Preconditions are a great example of where it is okay to return early at the start of the function. Why should the readability of the rest of the function be affected by the presence of a precondition check?
As for the negatives about returning multiple times from a method - debuggers are pretty powerful now, and it's very easy to find out exactly where and when a particular function is returning.
Having multiple returns in a function is not going to affect the maintainance programmer's job.
Poor code readability will.

As others have mentioned, there shouldn't be a performance hit, but there are other considerations. Aside from those valid concerns, this also can open you up to gotchas in some circumstances. Suppose you were dealing with a double instead:
public void myfunction(double exampleParam){
if(exampleParam > 0){
//Body will *not* be executed if Double.IsNan(exampleParam)
}
}
Contrast that with the seemingly equivalent inversion:
public void myfunction(double exampleParam){
if(exampleParam <= 0)
return;
//Body *will* be executed if Double.IsNan(exampleParam)
}
So in certain circumstances what appears to be a a correctly inverted if might not be.

The idea of only returning at the end of a function came back from the days before languages had support for exceptions. It enabled programs to rely on being able to put clean-up code at the end of a method, and then being sure it would be called and some other programmer wouldn't hide a return in the method that caused the cleanup code to be skipped. Skipped cleanup code could result in a memory or resource leak.
However, in a language that supports exceptions, it provides no such guarantees. In a language that supports exceptions, the execution of any statement or expression can cause a control flow that causes the method to end. This means clean-up must be done through using the finally or using keywords.
Anyway, I'm saying I think a lot of people quote the 'only return at the end of a method' guideline without understanding why it was ever a good thing to do, and that reducing nesting to improve readability is probably a better aim.

I'd like to add that there is name for those inverted if's - Guard Clause. I use it whenever I can.
I hate reading code where there is if at the beginning, two screens of code and no else. Just invert if and return. That way nobody will waste time scrolling.
http://c2.com/cgi/wiki?GuardClause

It doesn't only affect aesthetics, but it also prevents code nesting.
It can actually function as a precondition to ensure that your data is valid as well.

This is of course subjective, but I think it strongly improves on two points:
It is now immediately obvious that your function has nothing left to do if condition holds.
It keeps the nesting level down. Nesting hurts readability more than you'd think.

Multiple return points were a problem in C (and to a lesser extent C++) because they forced you to duplicate clean-up code before each of the return points. With garbage collection, the try | finally construct and using blocks, there's really no reason why you should be afraid of them.
Ultimately it comes down to what you and your colleagues find easier to read.

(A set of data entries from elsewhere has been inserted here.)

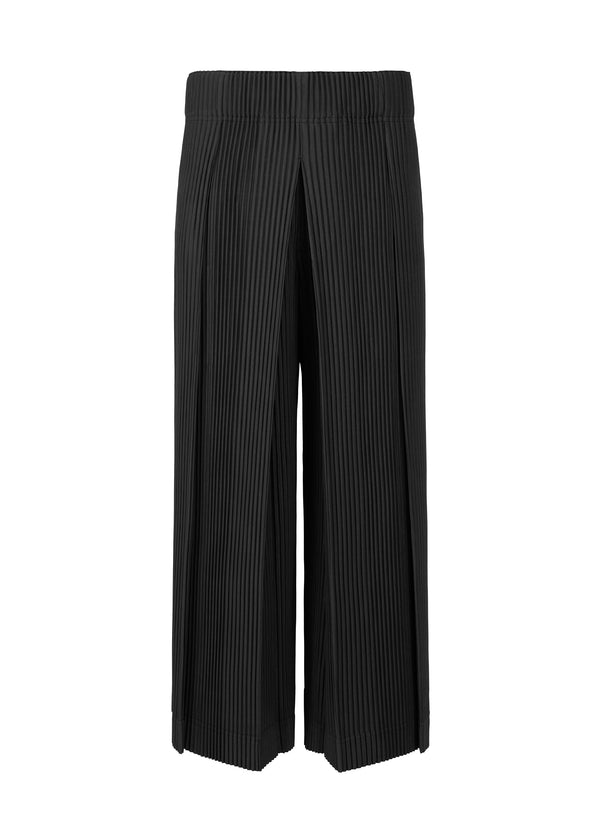 TUCKED Trousers Black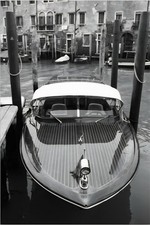 AFFICHE POSTER - Bateau Riva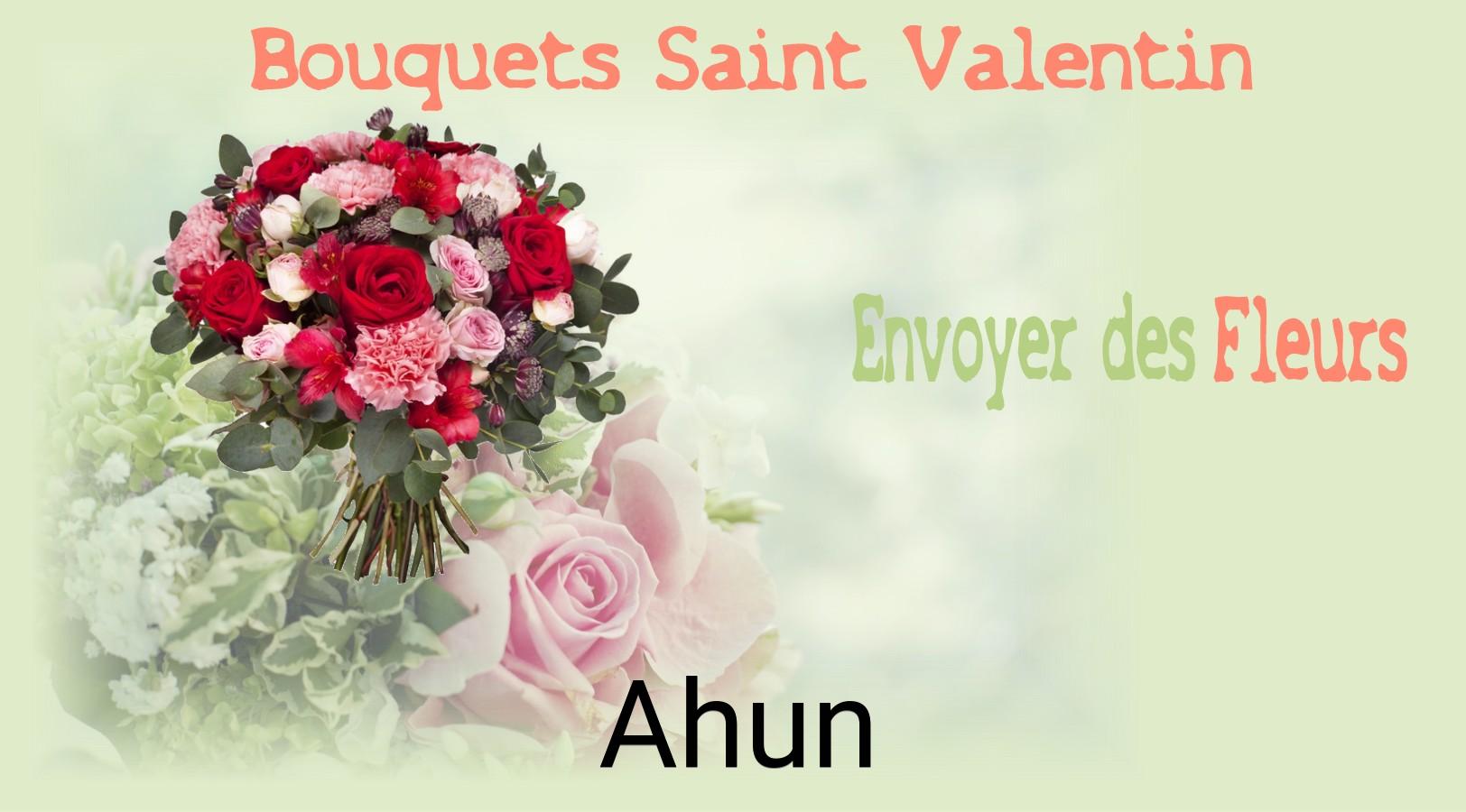 Roses de Saint-Valentin livrées à Ahun
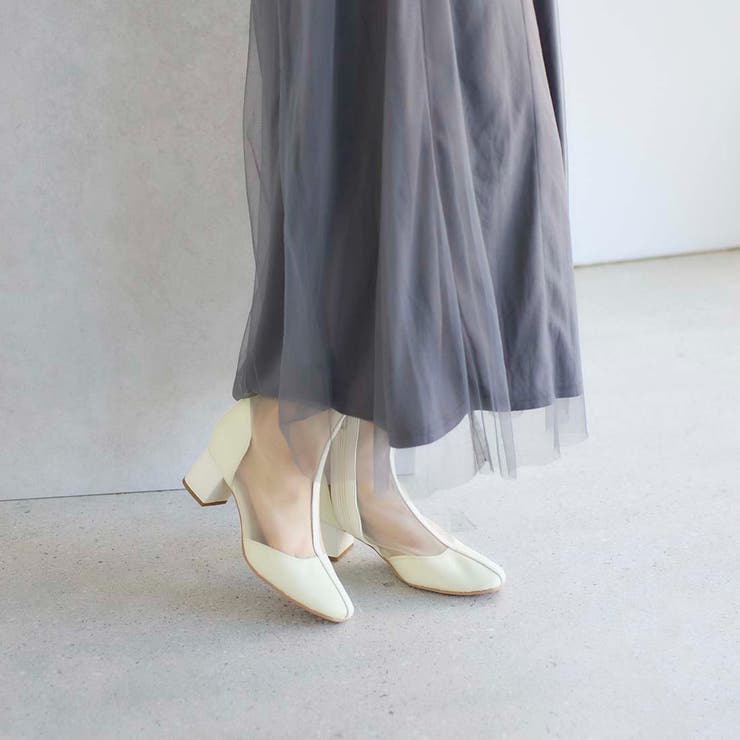 ブロックヒールチュールブーツ | Mode et Jacomo×ing | 詳細画像72 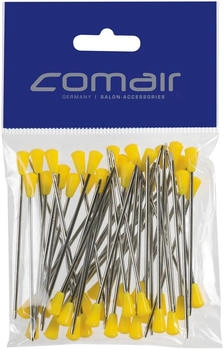 Comair Metallstecker mit Plastikkopf 50er Beutel 65 mm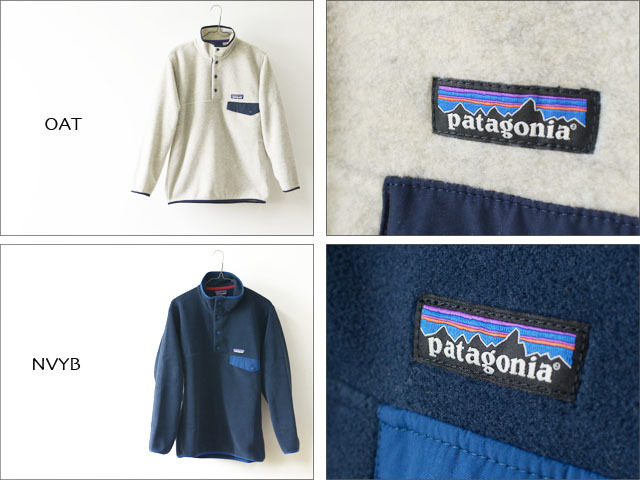 patagonia [パタゴニア正規代理店] M\'s Synchilla Snap-T Pullover [25450] メンズ・シンチラ・スナップT・プルオーバー MEN\'S_f0051306_17341745.jpg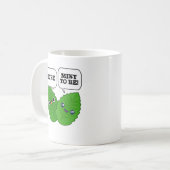 Mug On a l'intention d'être drôle, un jeu de rôle (Devant gauche)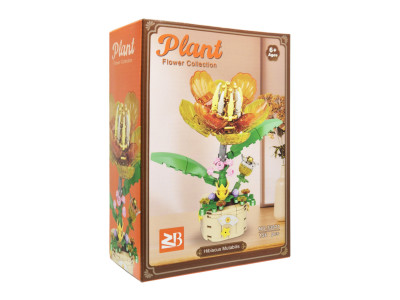 Дитячий конструктор Plant Flower Collection 33021 156 деталей Дитячий конструктор Plant Flower Collection 33021 156 деталей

Guard clauses or pre-conditions (as you can probably see) check to see if a certain condition is met and then breaks the flow of the program. They're great for places where you're really only interested in one outcome of an if statement. So rather than say:
if (something) {
// a lot of indented code
}
You reverse the condition and break if that reversed condition is fulfilled
if (!something) return false; // or another value to show your other code the function did not execute
// all the code from before, save a lot of tabs
return is nowhere near as dirty as goto. It allows you to pass a value to show the rest of your code that the function couldn't run.
You'll see the best examples of where this can be applied in nested conditions:
if (something) {
do-something();
if (something-else) {
do-another-thing();
} else {
do-something-else();
}
}
vs:
if (!something) return;
do-something();
if (!something-else) return do-something-else();
do-another-thing();
You'll find few people arguing the first is cleaner but of course, it's completely subjective. Some programmers like to know what conditions something is operating under by indentation, while I'd much rather keep method flow linear.
I won't suggest for one moment that precons will change your life or get you laid but you might find your code just that little bit easier to read.

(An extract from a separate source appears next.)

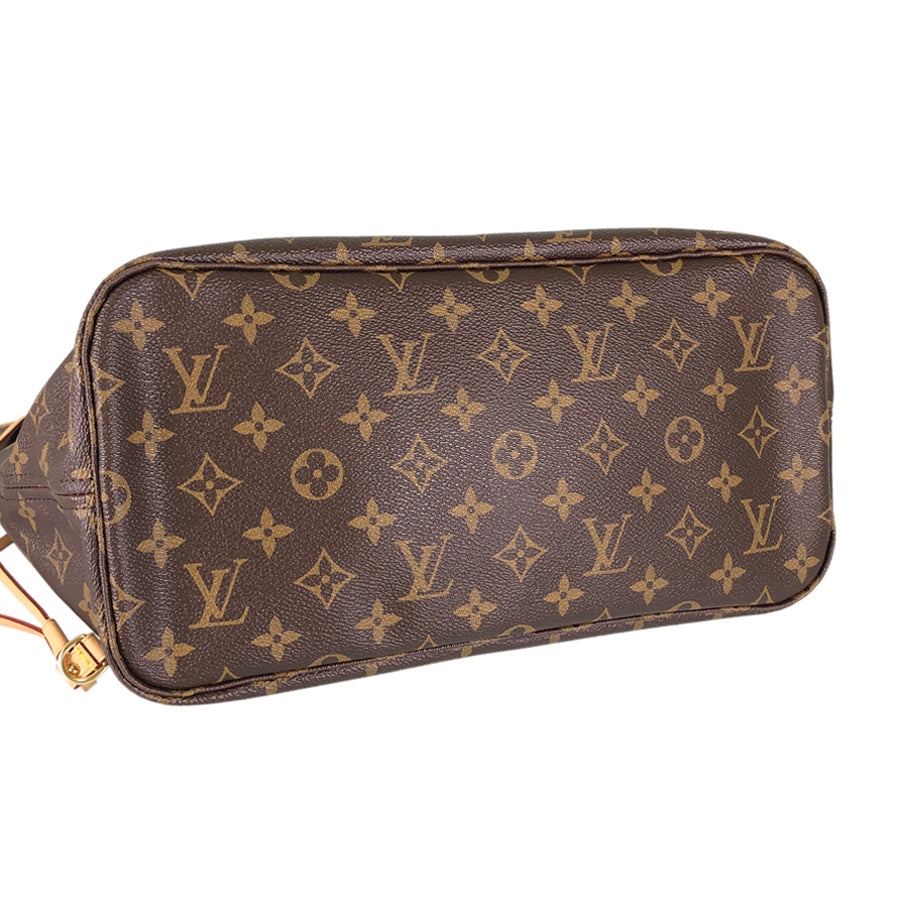 Louis Vuitton  Monogram Neverfull MM Tote Bag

Performance-wise, there will be no noticeable difference between the two approaches.
But coding is about more than performance. Clarity and maintainability are also very important. And, in cases like this where it doesn't affect performance, it is the only thing that matters.
There are competing schools of thought as to which approach is preferable.
One view is the one others have mentioned: the second approach reduces the nesting level, which improves code clarity. This is natural in an imperative style: when you have nothing left to do, you might as well return early.
Another view, from the perspective of a more functional style, is that a method should have only one exit point. Everything in a functional language is an expression. So if statements must always have an else clauses. Otherwise the if expression wouldn't always have a value. So in the functional style, the first approach is more natural.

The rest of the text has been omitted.